Nonetheless, British ministers insist the threat to human health is low – and worth the risk given the military gains in helping Ukraine to destroy Russian tanks. A growing body of evidence following the use of such shells by the US in the former Yugoslavia in the 1990s and by Britain and the US in Iraq a decade later undermines these reassurances.
Italian courts have upheld compensation claims against the country’s military in more than 300 cases where Italians who served in the police or as soldiers in Bosnia and Kosovo have died of cancer after being exposed to DU.
Many thousands more Italian former service-people are reported to have developed cancers.
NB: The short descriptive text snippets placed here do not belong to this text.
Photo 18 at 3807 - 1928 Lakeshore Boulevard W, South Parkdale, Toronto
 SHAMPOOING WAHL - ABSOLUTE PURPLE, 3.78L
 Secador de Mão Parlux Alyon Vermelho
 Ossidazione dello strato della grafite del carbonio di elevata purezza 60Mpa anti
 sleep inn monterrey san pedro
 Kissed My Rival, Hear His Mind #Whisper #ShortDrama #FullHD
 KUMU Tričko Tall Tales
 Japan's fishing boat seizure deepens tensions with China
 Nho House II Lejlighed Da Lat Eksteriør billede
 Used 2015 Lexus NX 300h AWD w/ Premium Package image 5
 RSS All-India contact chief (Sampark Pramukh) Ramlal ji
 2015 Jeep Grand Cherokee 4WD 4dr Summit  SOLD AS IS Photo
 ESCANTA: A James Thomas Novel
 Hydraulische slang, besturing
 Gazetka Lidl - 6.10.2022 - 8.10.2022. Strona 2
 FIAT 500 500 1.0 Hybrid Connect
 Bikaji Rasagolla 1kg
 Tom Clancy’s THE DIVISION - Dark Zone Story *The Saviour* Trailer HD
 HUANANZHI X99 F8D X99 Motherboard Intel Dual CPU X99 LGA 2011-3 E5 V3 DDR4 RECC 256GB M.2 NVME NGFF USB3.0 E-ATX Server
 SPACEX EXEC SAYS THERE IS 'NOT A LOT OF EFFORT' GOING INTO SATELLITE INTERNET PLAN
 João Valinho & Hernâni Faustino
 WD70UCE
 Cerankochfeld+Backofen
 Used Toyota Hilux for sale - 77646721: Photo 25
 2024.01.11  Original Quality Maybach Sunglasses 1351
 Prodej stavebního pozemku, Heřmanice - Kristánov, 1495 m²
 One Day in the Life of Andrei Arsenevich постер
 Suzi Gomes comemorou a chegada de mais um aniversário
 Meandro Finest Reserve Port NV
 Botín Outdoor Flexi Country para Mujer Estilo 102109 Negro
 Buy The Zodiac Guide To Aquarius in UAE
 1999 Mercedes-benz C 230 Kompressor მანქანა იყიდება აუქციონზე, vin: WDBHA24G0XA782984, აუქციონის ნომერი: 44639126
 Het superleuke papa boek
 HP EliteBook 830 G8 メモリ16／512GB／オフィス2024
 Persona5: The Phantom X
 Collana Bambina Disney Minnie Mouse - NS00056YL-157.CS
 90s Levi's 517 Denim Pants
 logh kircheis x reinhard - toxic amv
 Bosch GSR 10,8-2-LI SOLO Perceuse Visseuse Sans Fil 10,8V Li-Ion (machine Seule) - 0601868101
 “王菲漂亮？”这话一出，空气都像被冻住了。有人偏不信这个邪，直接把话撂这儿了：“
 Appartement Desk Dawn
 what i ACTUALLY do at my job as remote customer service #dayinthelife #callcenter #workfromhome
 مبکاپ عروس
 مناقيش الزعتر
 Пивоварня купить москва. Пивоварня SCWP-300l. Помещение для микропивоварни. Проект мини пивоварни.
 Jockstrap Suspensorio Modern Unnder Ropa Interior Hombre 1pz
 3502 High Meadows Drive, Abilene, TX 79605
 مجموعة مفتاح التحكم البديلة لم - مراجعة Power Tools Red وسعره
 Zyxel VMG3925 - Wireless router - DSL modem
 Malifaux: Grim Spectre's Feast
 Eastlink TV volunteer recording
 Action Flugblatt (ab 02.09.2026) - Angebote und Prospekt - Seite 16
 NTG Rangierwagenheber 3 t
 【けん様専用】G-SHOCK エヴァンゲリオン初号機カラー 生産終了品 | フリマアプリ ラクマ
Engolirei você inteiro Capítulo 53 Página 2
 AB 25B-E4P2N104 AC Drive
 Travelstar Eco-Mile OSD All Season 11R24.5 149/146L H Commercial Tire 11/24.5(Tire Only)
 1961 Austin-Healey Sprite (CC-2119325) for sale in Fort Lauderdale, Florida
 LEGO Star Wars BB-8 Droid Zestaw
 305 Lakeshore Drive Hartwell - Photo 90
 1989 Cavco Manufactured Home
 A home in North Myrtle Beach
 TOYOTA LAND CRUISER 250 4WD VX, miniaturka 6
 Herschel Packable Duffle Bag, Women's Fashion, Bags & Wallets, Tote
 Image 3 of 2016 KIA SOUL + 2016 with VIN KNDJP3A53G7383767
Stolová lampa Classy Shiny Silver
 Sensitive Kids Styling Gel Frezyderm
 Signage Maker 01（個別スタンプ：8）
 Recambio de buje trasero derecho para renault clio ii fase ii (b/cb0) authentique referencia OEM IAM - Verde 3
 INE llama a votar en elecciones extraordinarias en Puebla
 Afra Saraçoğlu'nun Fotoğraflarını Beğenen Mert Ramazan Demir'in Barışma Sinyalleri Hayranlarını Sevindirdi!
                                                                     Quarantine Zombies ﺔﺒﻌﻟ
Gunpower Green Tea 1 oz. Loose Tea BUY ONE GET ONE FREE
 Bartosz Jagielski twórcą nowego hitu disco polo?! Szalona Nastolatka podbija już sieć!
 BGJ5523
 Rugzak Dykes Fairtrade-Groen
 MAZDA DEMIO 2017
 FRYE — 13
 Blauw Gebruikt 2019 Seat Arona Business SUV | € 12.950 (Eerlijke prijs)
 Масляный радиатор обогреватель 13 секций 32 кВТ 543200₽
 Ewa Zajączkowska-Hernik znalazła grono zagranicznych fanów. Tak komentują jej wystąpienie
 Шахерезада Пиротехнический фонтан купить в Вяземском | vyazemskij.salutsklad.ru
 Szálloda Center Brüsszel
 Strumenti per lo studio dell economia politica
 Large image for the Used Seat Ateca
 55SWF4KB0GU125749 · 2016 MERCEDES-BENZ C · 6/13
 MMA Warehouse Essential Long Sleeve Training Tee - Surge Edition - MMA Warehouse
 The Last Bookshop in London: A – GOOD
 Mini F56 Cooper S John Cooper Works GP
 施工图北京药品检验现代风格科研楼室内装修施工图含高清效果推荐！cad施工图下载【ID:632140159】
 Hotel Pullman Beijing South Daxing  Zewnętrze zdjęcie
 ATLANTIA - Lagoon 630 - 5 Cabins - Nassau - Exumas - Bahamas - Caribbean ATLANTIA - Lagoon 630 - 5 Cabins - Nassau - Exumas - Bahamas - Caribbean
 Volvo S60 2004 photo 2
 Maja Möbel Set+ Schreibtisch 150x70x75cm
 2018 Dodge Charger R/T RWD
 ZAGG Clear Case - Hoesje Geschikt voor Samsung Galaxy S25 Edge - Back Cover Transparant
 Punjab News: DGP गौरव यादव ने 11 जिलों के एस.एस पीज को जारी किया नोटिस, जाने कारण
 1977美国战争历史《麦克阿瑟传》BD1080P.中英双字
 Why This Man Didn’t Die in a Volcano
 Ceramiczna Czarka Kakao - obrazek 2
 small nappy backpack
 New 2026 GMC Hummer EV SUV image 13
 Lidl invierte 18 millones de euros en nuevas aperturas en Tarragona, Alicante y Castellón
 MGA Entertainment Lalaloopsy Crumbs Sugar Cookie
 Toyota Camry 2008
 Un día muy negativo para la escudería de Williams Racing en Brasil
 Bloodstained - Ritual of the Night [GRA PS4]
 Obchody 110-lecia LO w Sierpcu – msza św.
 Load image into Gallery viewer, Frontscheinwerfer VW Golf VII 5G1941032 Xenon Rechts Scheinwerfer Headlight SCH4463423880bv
The West has taken little interest in researching the effects of DU weapons in Iraq, even though local civilian populations have been the most exposed to its contamination. DU shells were used extensively during both the 1991 Gulf war and more than a decade later during the US and British-led occupation of Iraq.
Iraqi government statistics suggest the rates of cancers leapt 40-fold between the period immediately before the Gulf war and 2005.
By lobbying for more overtly offensive weapons and introducing DU shells into the war, Britain has raised the stakes – it is driving the war’s logic towards ever greater escalation, including nuclear escalation.
Russia itself possesses DU weapons but is reported to have avoided using them. Moscow has long warned that it regards use of DU in Ukraine in nuclear terms: as the equivalent of a “dirty bomb”.
Britain is also creating a situation where a catastrophic move, or miscalculation, by either Russia or Ukraine is becoming ever more likely, as events last week highlighted only too clearly.
Russia struck a military ammunition depot in western Ukraine, creating a giant fireball. Rumours suggested the site may have included British DU shells.
With Ukraine soon to be in possession of a full array of offensive weapons, largely courtesy of the UK – not only long-range drones, cruise missiles and tanks but fighter jets – it is not hard to imagine terrifying scenarios that could quickly bring Europe to the brink of nuclear conflict, stresses Jonathan Cook.